From the records below, print only the part that opens with the line containing "Kaely 1Pcs Purple" and closes with the line containing "Cleaning Ginger Moisturizing(100g)"; omit the pictures.

BEGIN Data for the task

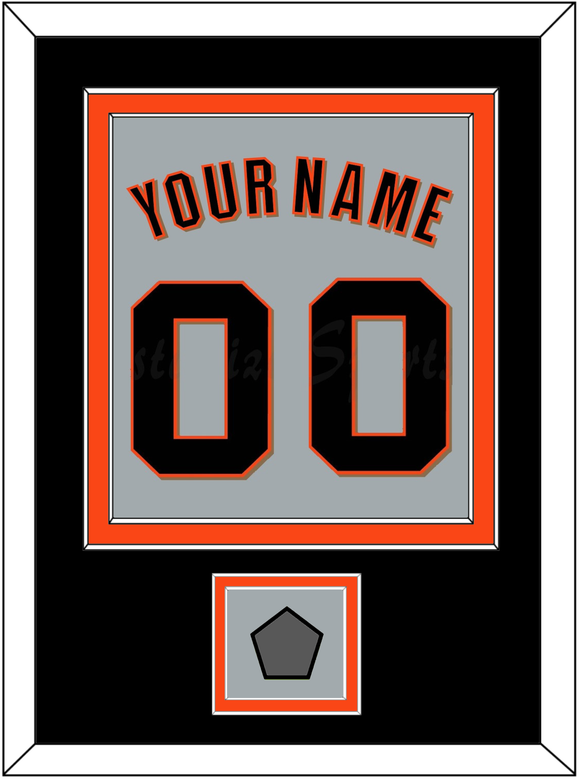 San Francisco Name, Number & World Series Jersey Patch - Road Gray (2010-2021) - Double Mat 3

END Data for the task
BEGIN Data for the task

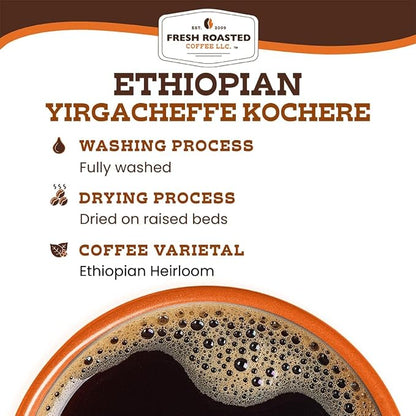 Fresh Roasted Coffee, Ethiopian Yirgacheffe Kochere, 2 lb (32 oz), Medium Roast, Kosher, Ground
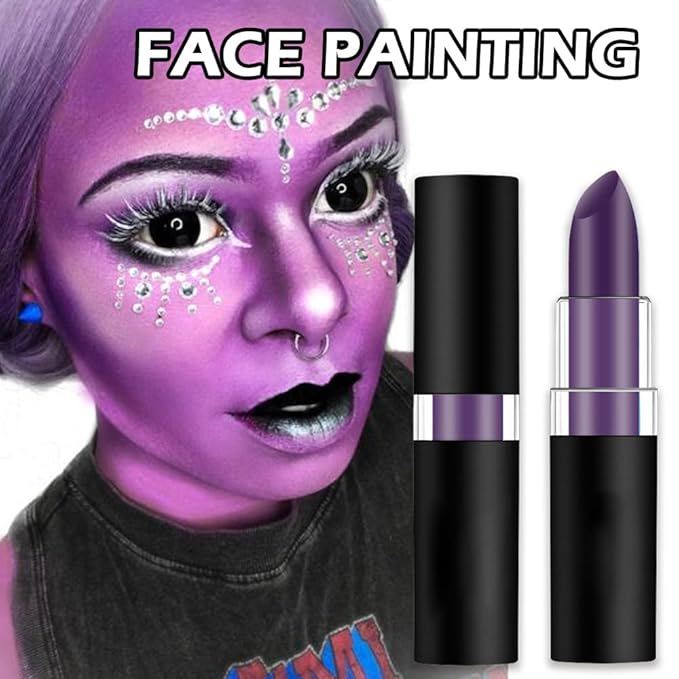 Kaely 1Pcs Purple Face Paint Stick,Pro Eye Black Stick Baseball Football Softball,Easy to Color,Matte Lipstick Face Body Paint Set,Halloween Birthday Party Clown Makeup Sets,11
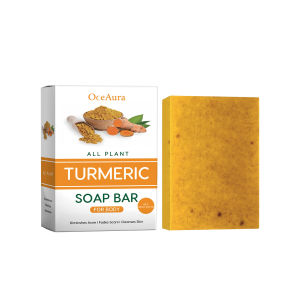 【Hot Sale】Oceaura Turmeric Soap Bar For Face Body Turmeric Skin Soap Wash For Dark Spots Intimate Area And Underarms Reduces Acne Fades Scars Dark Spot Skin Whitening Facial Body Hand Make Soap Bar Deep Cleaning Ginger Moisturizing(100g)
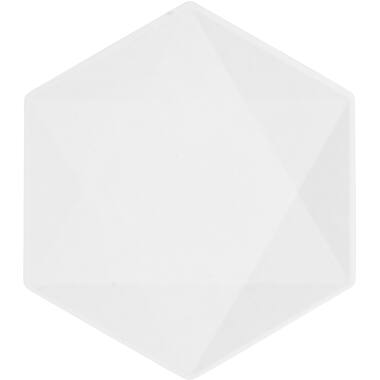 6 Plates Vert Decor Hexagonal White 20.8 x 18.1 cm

END Data for the task

## [Solution]
 Kaely 1Pcs Purple Face Paint Stick,Pro Eye Black Stick Baseball Football Softball,Easy to Color,Matte Lipstick Face Body Paint Set,Halloween Birthday Party Clown Makeup Sets,11
 【Hot Sale】Oceaura Turmeric Soap Bar For Face Body Turmeric Skin Soap Wash For Dark Spots Intimate Area And Underarms Reduces Acne Fades Scars Dark Spot Skin Whitening Facial Body Hand Make Soap Bar Deep Cleaning Ginger Moisturizing(100g)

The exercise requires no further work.